Diffusion Model – Shawn’s Blog

My takeaway series follow a Q&A format to explain AI concepts at three levels:

Conceptual Level

Anyone with general knowledge can understand them.

Implementation Level

For anyone who wants to dive into the code implementation details of the concept.

Mathematical Level

For anyone who wants to understand the mathematics behind the technique.

What is diffusion model?

Diffusion model is a type of generative models that learn to generate data by simulating the process of diffusion. It is also neural network but added a process of gradually denoising data, where each step of denoising is learned by a neural network.

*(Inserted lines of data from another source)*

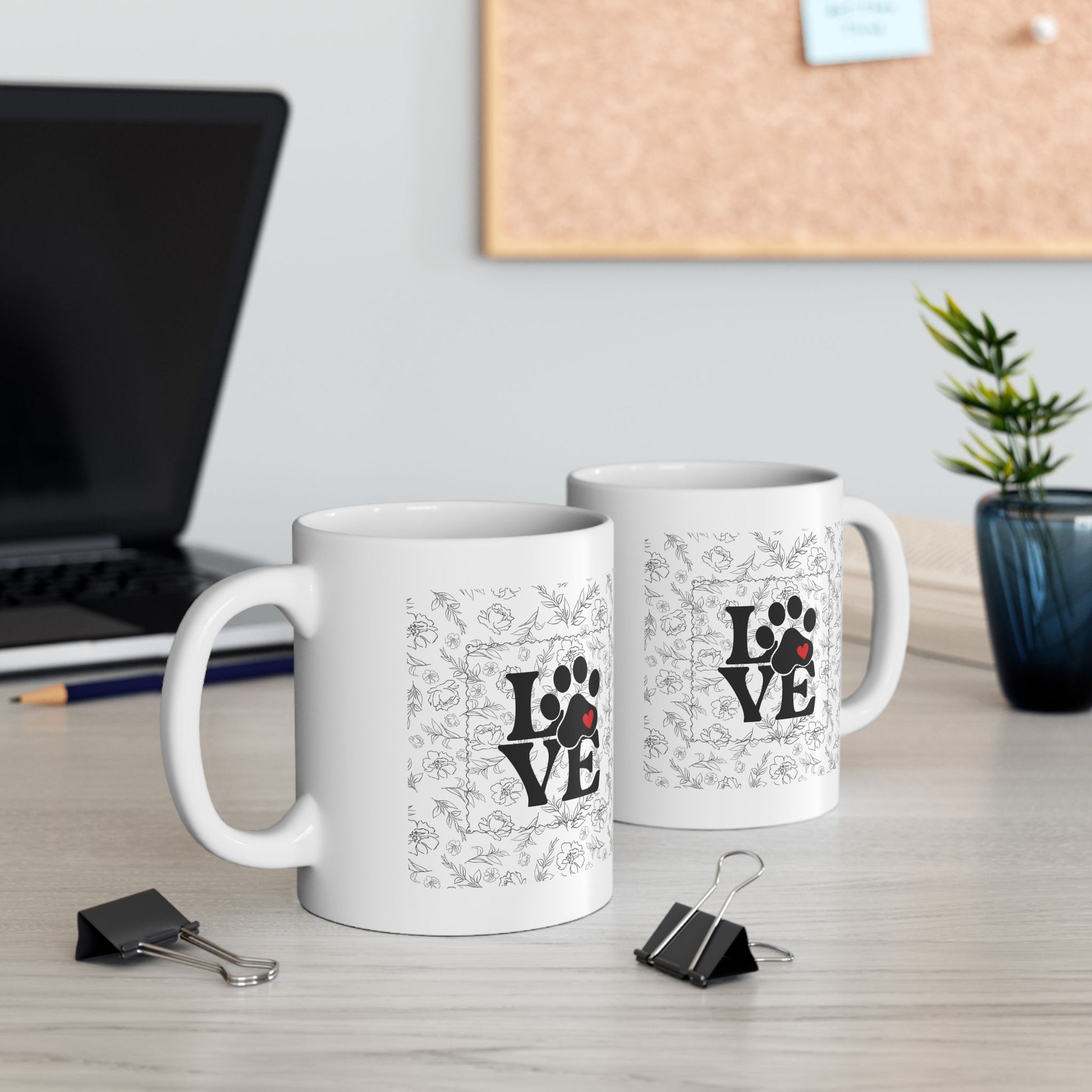 Two white mugs with 'LOVE' and paw print designs on a desk with office supplies.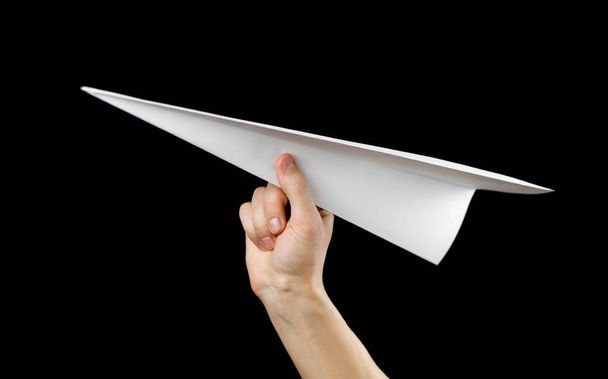 Hand holding a white paper airplane. Close up. Isolated on black - Foto, Imagen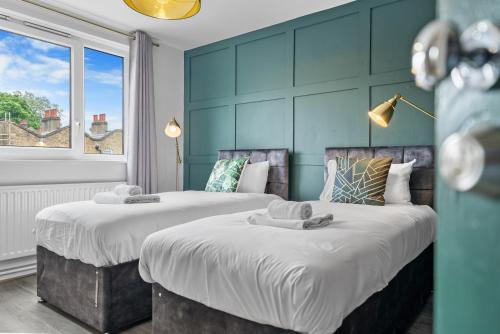 two beds sitting next to each other in a bedroom at Spacious 3 bedroom Whitechapel Apartment with Garden by Gold Stays in London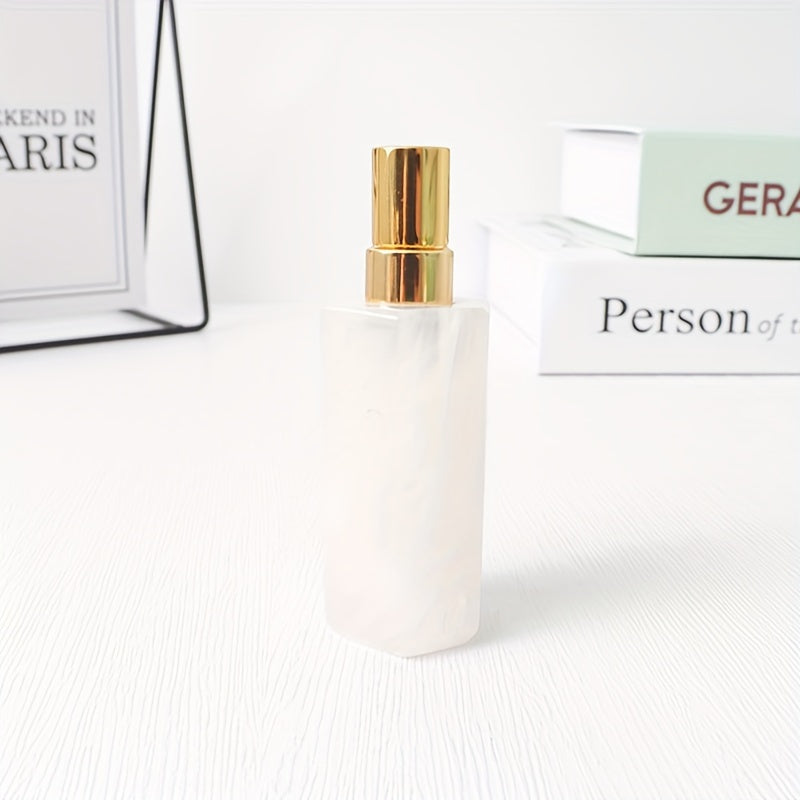 A clear refillable natural crystal stone perfume bottle with stainless steel spray pump on a white background by a stack of books.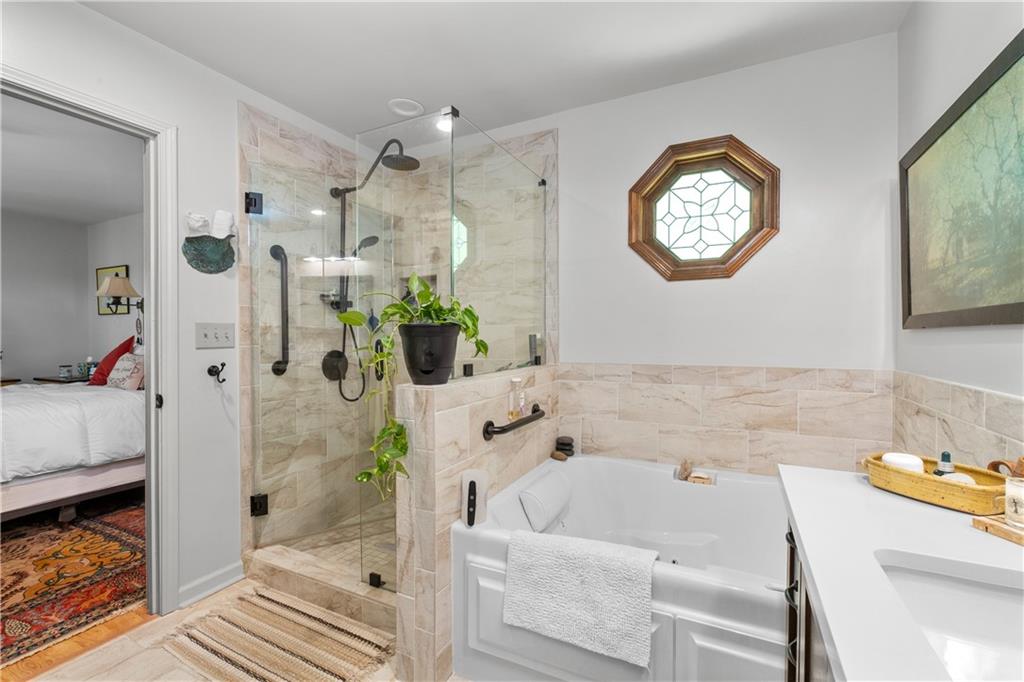 511 Oakdale Road Canton, GA 30114 - Photo 22 of 50 a bathroom with a bathtub a mirror and a shower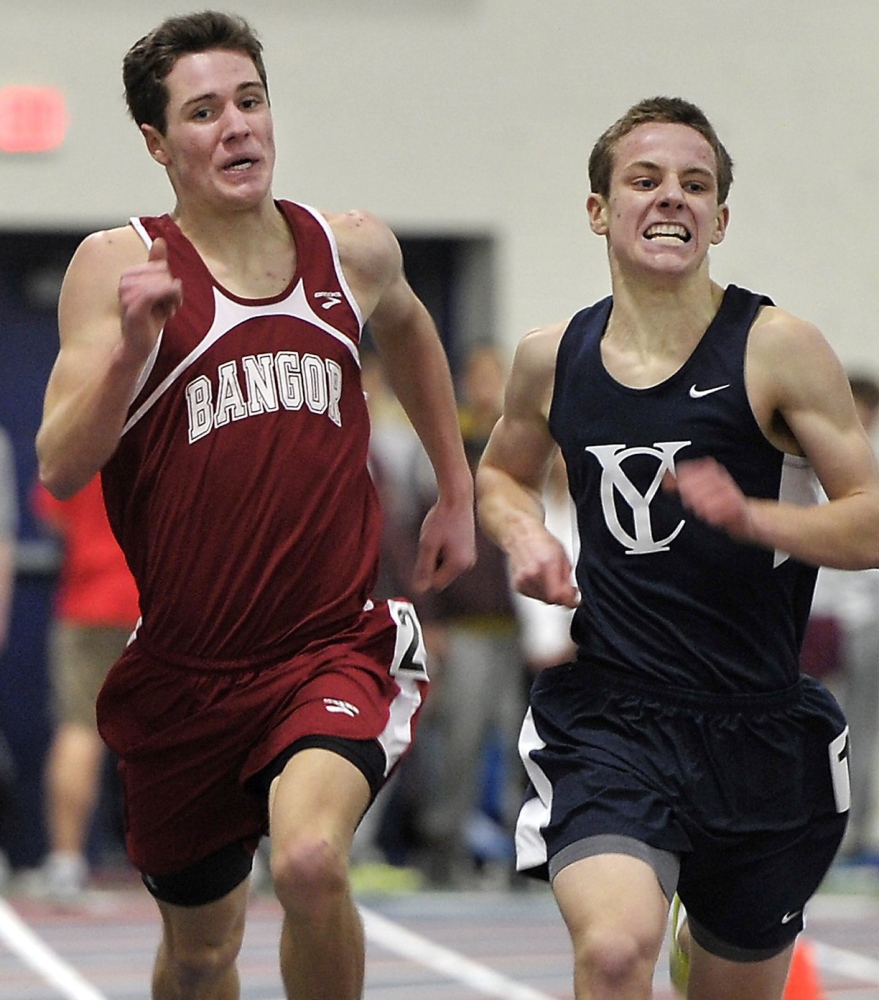 Ben Decker of Yarmouth, right, not only beat Jonathan Stanhope of Bangor to win the mile in the USM New Year’s Relays and Maine pentathlon championship a year ago, but went on to finish second in the 2-mile at the Class B state meet. This year? He’s definitely a contender as a senior.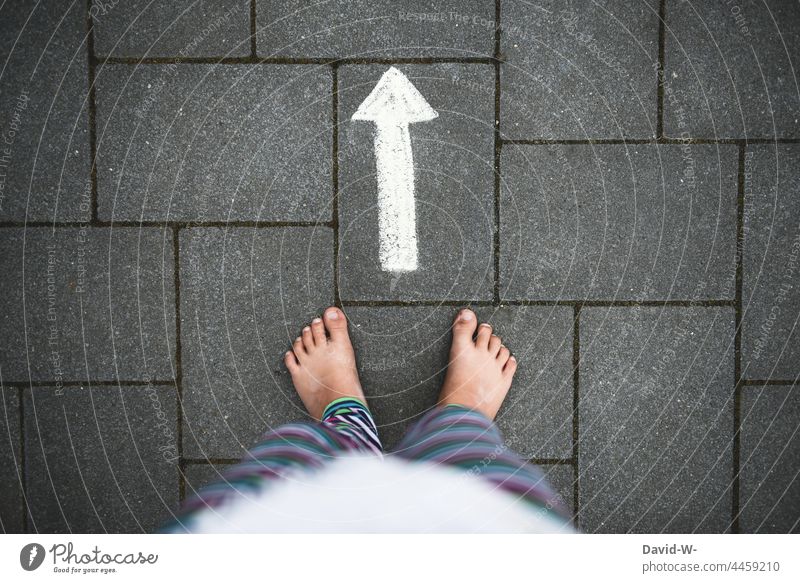 Child - feet follow the arrow Arrow Road marking ensue Trend-setting Direction Future Target Forwards Right ahead Orientation off Chalk Ground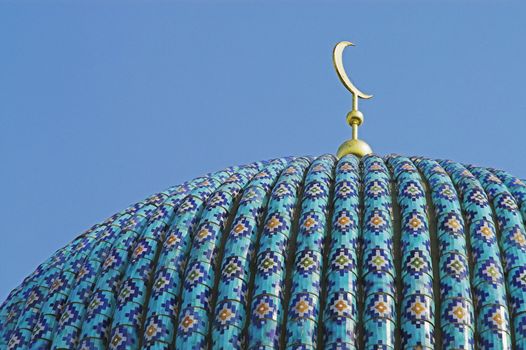 The top of the tiled dome With Arabic mosaics of the ancient mosque in Saint Petersburg, Russia.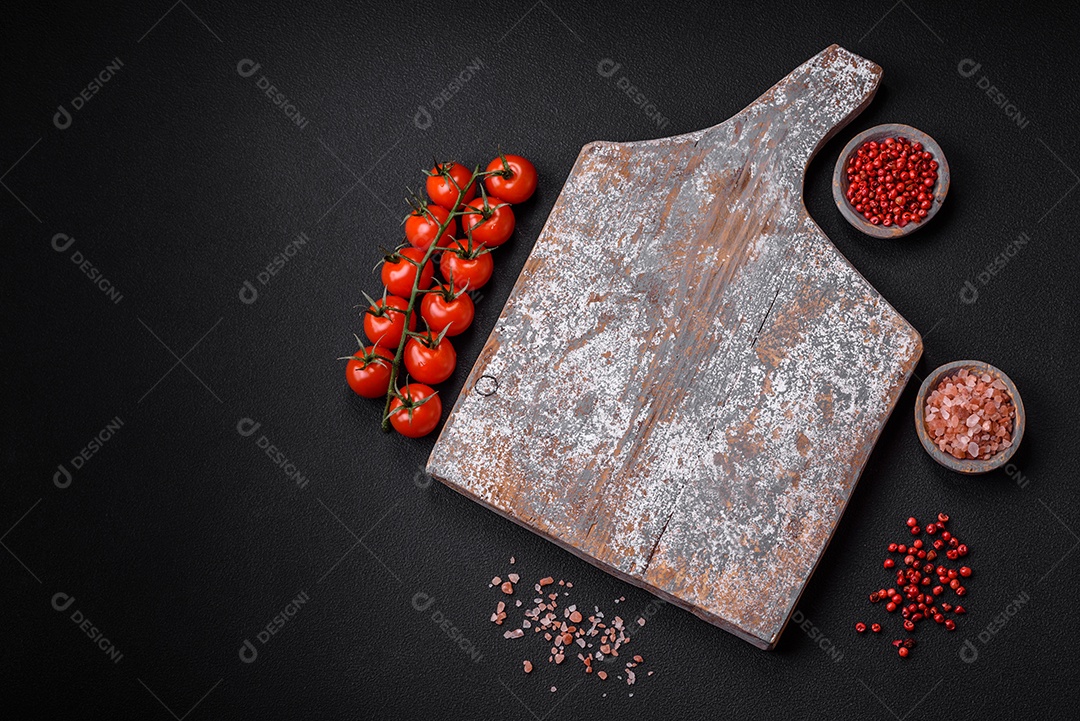 Faca garfo e tábua sal pimenta e outros ingredientes localizados em um fundo de concreto texturizado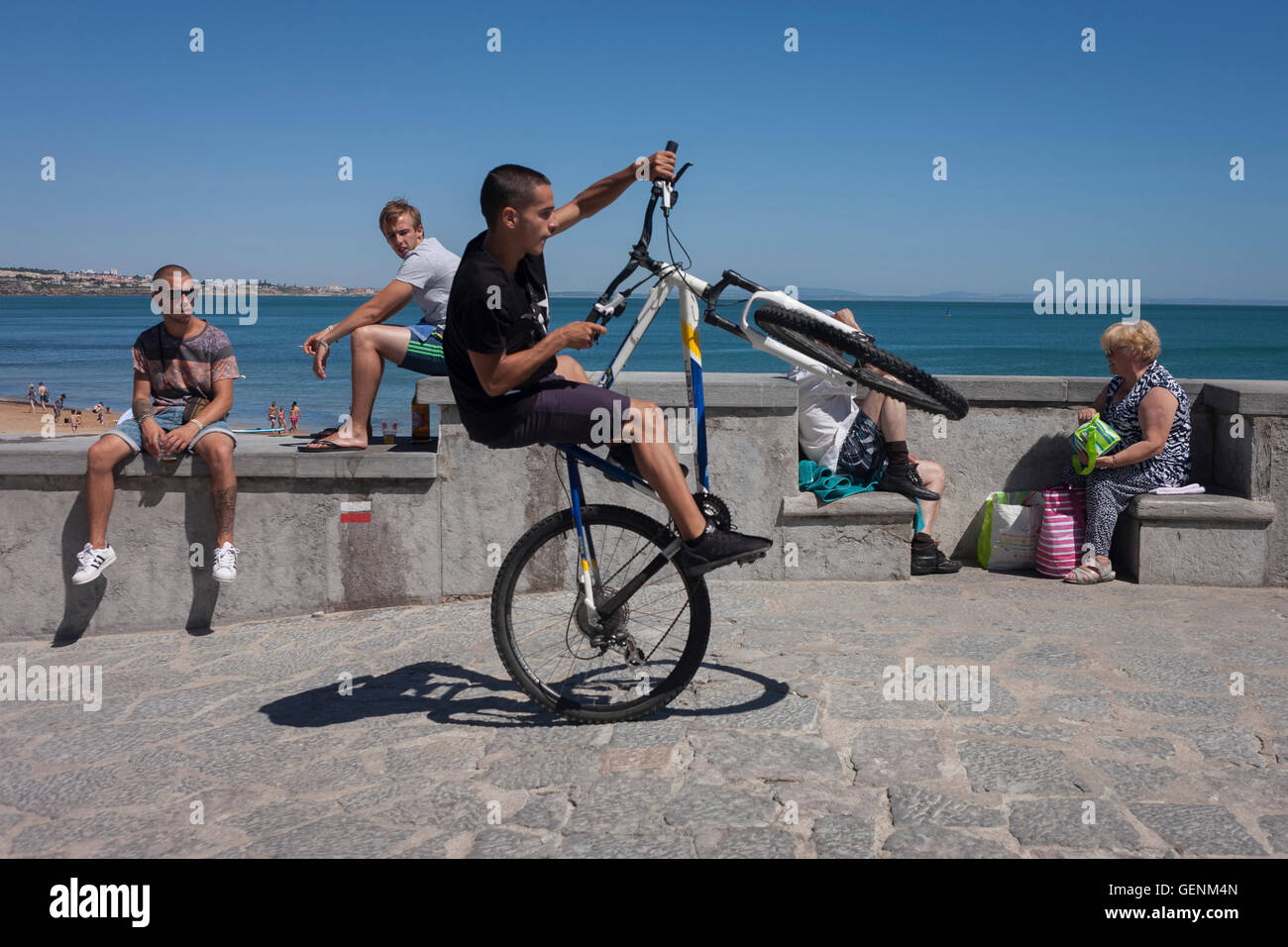 Eine Jugend in Fahrrad führt Wheelies an der Küste von Cascais, in der Nähe von Lissabon, Portugal. Stockfoto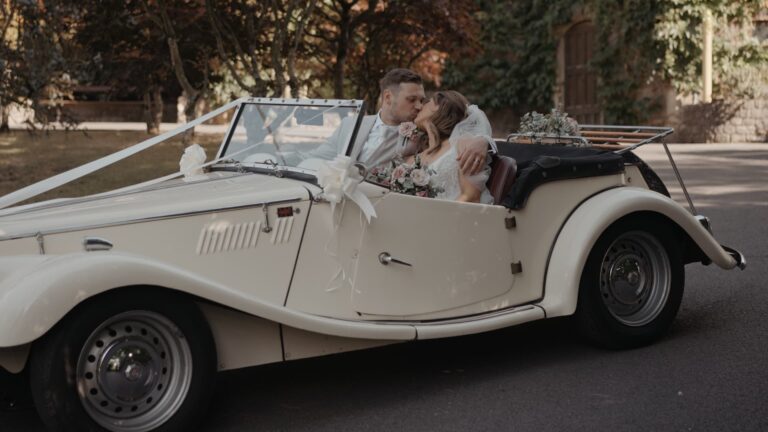 Bride and groom sharing a romantic kiss in their vintage car at a Cadbury House Wedding.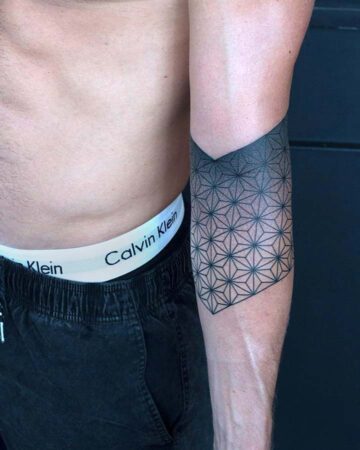 Close-up of a man's arm featuring a geometric tattoo design. The black ink tattoo, a geometric pattern, covers the forearm and fades into a solid black band at the top. It's a minimalist tattoo with a unique design, perfect for geometric tattoo inspiration. Done by tattoo artists in our fine line tattoo studio parlour shop Canggu, Bali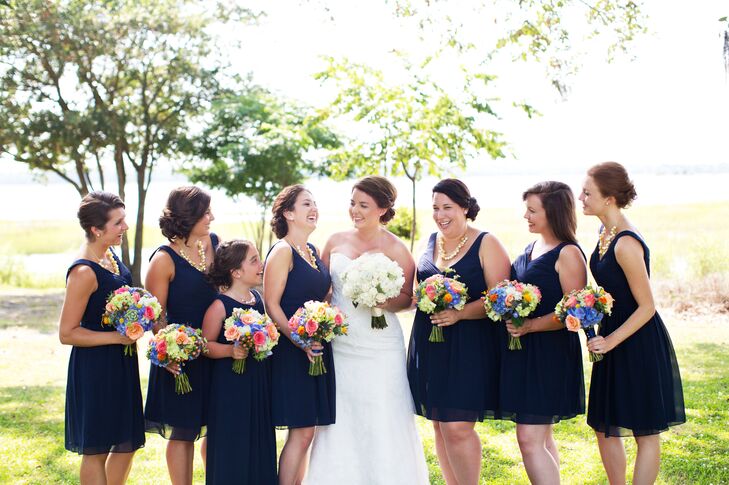 "One of my favorite elements ended up being our bridesmaid bouquets," says Jessica. "With a very basic color palette for attire, I knew I wanted something bright for their bouquets, and our florist did a phenomenal job with bringing this vision to life!"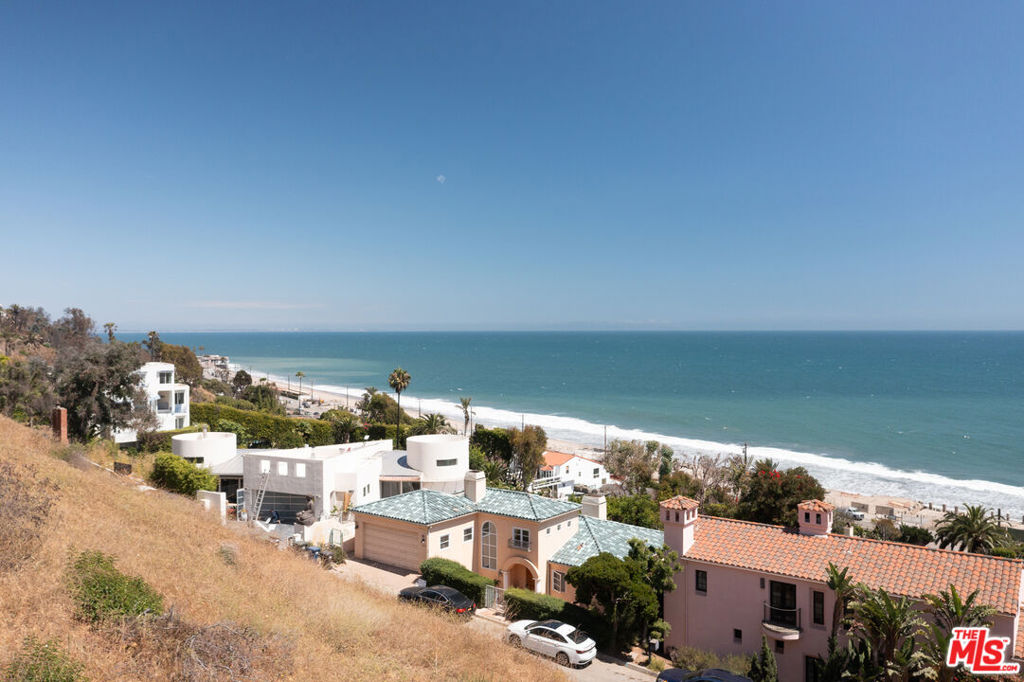 Two miles south of Surfrider Beach and the Malibu Pier, between Las Flores and Carbon canyons, the tight-knit La Costa community offers panoramic coastline views, minutes from the beach. Public beach access is only two-tenths of a mile down the street, and ownership of this parcel grants deeded access to the La Costa Beach Club. At night, the Queens Necklace sparkles, a string of coastline lights from Malibu to Palos Verdes, with Catalina beyond. This attractive parcel comes with an abundance of potential. Two geology reports point to the buildability of the site, and the up-sloping topography looks to provide panoramic 180-degree views from the upper floors of any home built here. Multi-million-dollar estates in the neighborhood reinforce the upside potential of this development opportunity.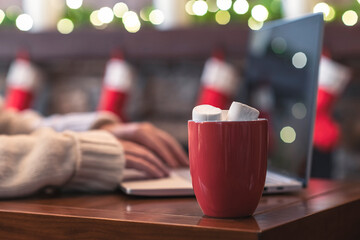 Lonely woman freelancer enjoying with cup of hot cocoa and marshmallow working on laptop near christmas fireplace with decoration of light bulbs.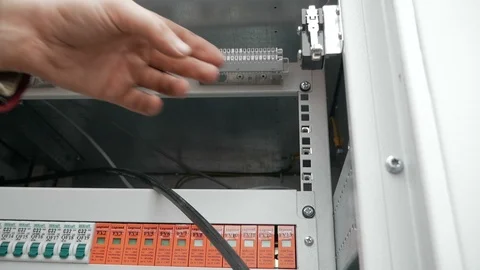 Pull-out shot of a optical fiber switchboard hub with a blurred technician Stock Footage 126950909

What is the input and output of diffusion model?

Input:

A random noise fixed-length data (like image) \(\mathbf{x}_T\), typically drawn from a Gaussian distribution.

Output:

A generated data sample that resembles the training data, such as an image \(\mathbf{x}_0\) in the same shape as the input.

What is the forward pass of diffusion model?

Diffusion Model Architecture. Source: (Rombach et al. 2022)

Here the forward pass refers to the process of training the diffusion model.

A noise \(\mathbf{x}_T\) is gradually denoised to the output data \(\mathbf{x}_0\) over a series of time steps \(t = T, T-1, \ldots, 1\), where \(T\) is the total number of time steps. The denoising process that transforms \(\mathbf{x}_t\) to \(\mathbf{x}_{t-1}\) is a neural network, which takes the current noisy data \(\mathbf{x}_t\) as input, and outputs a less noisy version \(\mathbf{x}_{t-1}\). The number of time steps \(T\) is a hyperparameter.

This process is typically considered as a Markov chain. Markov chain is a mathematical system that undergoes transitions from one state to another on a state space. The state space here is the data space, and the transition from one state to another is the denoising neural network.

What is the architecture of diffusion model?

The core architecture of diffusion model is the denoising neural network. It can be any neural network that maps a sample to the output with the same shape. The most commonly used architecture is the U-Net, which is a type of convolutional neural network (CNN) that has an encoder-decoder structure with skip connections.

The denoising neural network at each step shares the same architecture and weights.

How to train a diffusion model?

Diffusion models are trained by supervised learning each step of the denoising process.

To construct the training data, we start with a clean data sample \(\mathbf{x}_0\) from the training dataset, and then gradually add noise to it over a series of time steps \(t = 1, 2, \ldots, T\), that is \(\mathbf{x}_1, \cdots, \mathbf{x}_T\). The amount of noise added at each time step is controlled by a noise schedule. These noisy samples \(\mathbf{x}_t\) at each time step \(t\) are used as the input to the denoising neural network, and the target output is the less noisy sample \(\mathbf{x}_{t-1}\).

It seems that the model is trained to learn the noise added at each step, but noise is a random variable. Does the model learn to generate random thing?

The model is indeed trained to learn the random noise added at each step, but it does not learn to generate randomly, but based on the \(\mathbf{x}_t\) at each step.

References

Rombach, Robin, Andreas Blattmann, Dominik Lorenz, Patrick Esser, and Björn Ommer. 2022. “High-Resolution Image Synthesis with Latent Diffusion Models.” In Proceedings of the IEEE/CVF Conference on Computer Vision and Pattern Recognition, 10684–95.